Example 1

Use graphing to solve the rational equation $\dfrac{-1}{x-4}=\dfrac{1}{x^2+2x}$.

Solution

Let $f(x)=\dfrac{-1}{x-4}$ and $g(x)=\dfrac{1}{x^2+2x}$

Then use Desmos to graph the functions.

Look for the intersection points of the two graphs.

The graphs intersect at $x=-4$ and $x=1$.

Therefore, the solution of the equation is $x=-4,\,1$.

Example 2

Graphically solve the equation $\dfrac{1}{x+3}=-1$.

Solution

Let $f(x)=\dfrac{1}{x+3}$. Use Desmos to graph the function then determine where the $y$-value equals –1. Then determine the corresponding $x$-value.

Answer

$x=-4$

Example 3

Find the intersection point between the two functions $f(x)=\dfrac{1}{x+3}$ and $g(x)=\dfrac{1}{3x-5}$.

Solution

To find the intersection point of $f(x)$ and $g(x)$, we set the functions equal to one another, $f(x)=g(x)$, and then solve for $x$. The value of $x$ will be the $x$-coordinate of the intersection point. We will then substitute the variable $x$ into either $f(x)$ or $g(x)$ to determine the $y$ coordinate of the intersection point.

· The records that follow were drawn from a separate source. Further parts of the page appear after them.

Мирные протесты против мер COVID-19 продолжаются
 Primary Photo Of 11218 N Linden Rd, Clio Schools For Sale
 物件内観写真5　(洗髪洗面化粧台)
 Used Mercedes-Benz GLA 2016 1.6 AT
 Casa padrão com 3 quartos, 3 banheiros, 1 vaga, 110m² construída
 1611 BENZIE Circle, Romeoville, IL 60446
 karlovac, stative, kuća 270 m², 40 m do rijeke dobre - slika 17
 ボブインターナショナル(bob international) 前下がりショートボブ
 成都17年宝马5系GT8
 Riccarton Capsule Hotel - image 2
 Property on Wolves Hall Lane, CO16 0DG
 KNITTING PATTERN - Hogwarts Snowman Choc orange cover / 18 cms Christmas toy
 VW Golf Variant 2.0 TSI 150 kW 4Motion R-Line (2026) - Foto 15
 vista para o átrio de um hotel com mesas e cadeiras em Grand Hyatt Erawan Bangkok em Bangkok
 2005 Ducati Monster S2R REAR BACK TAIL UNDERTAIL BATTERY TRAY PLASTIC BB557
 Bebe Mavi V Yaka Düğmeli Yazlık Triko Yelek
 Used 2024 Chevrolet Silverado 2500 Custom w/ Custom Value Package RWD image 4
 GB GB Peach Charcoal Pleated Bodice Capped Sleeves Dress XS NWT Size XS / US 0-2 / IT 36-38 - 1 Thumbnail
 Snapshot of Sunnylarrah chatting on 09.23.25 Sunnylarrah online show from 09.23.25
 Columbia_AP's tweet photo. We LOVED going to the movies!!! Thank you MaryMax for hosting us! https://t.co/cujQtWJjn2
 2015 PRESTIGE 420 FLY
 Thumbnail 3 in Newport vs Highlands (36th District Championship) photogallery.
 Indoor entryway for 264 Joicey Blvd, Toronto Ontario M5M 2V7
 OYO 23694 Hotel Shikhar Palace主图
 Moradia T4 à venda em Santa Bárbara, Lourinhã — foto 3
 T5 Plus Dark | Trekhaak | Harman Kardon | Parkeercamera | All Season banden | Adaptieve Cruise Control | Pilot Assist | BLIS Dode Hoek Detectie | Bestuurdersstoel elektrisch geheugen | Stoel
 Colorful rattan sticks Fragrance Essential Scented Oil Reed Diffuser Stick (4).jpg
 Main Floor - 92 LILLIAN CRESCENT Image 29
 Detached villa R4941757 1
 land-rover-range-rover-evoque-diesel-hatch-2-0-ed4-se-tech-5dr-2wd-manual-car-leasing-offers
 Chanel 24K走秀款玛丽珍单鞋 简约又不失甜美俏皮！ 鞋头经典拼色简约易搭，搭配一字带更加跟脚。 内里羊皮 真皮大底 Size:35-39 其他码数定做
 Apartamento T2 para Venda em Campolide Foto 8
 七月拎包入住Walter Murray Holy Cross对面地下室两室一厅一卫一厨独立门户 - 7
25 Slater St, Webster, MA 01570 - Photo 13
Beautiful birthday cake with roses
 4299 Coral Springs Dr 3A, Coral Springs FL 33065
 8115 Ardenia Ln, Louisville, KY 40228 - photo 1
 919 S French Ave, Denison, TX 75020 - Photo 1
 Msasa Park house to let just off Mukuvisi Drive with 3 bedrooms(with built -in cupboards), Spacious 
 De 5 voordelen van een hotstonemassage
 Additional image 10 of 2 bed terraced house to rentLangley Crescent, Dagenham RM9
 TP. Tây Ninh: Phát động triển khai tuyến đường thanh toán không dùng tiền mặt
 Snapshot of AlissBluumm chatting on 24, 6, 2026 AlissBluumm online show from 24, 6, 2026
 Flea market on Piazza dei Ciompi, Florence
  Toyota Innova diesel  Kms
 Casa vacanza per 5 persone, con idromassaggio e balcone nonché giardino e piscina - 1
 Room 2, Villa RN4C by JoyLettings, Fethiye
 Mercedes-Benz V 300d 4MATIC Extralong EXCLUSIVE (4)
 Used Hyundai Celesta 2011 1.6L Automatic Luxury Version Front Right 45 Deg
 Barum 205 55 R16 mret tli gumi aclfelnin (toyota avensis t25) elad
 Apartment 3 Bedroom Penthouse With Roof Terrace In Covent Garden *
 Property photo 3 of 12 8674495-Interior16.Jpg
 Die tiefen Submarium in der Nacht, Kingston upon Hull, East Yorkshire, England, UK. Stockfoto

$\begin{aligned}f(x)&=g(x)\\\\\dfrac{1}{x+3}&=\dfrac{1}{3x-5}\end{aligned}$

Before we solve the equation for $x$, we need to discuss the restrictions on the variable. Restrictions on the domain of a rational function occur when the denominator equals zero: In $f(x)$, $x+3=0$ solves to $x=-3$. In $g(x)$, $3x-5=0$ solves to $x=\dfrac{5}{3}$. Therefore, $-3, \dfrac{5}{3}$ are restricted values of $x$.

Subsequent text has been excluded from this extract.